Rony Rodriguez-Ramirez

Introduction

The Tidyverse is a collection of R packages designed for data science, offering powerful tools for data manipulation, exploration, and visualization. The functions within the Tidyverse are well-documented, and you can easily access detailed information by using ?function_name in the R console, or help(function_name).
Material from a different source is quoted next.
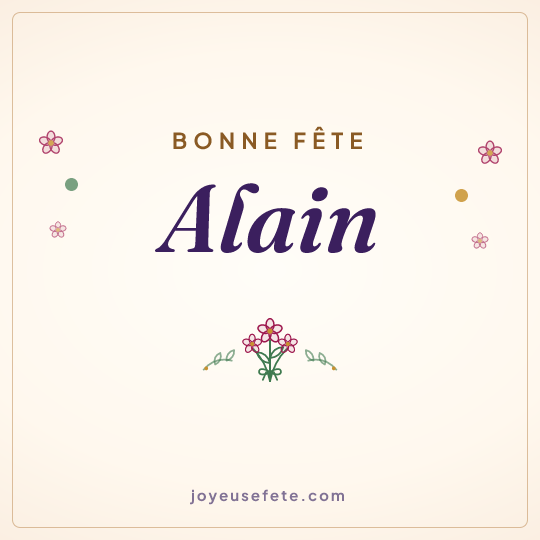 Image carrée « Bonne fête Alain » pour WhatsApp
For instance, typing ?mutate will bring up the documentation for the mutate function.

Tidyverse Functions

Function Example Usage Description
filter filter(df, condition) Subsets rows in a data frame based on a condition.
select select(df, column1, column2) Selects specific columns from a data frame.
mutate mutate(df, new_column = expression) Adds new variables or transforms existing ones based on an expression.
arrange arrange(df, column) Reorders rows of a data frame according to one or more columns.
summarize summarize(df, new_column = summary_func) Reduces multiple values down to a single summary (e.g., mean, sum) for each group.
group_by group_by(df, column) Groups the data by one or more variables to perform summary functions or operations by group.
left_join left_join(df1, df2, by = "column") Joins two data frames by a common column, keeping all rows from the first data frame.
right_join right_join(df1, df2, by = "column") Joins two data frames by a common column, keeping all rows from the second data frame.
inner_join inner_join(df1, df2, by = "column") Joins two data frames by a common column, keeping only rows with matches in both data frames.
full_join full_join(df1, df2, by = "column") Joins two data frames by a common column, keeping all rows from both data frames.
anti_join anti_join(df1, df2, by = "column") Returns rows from the first data frame that do not have matches in the second data frame.
semi_join semi_join(df1, df2, by = "column") Returns rows from the first data frame that have matches in the second data frame.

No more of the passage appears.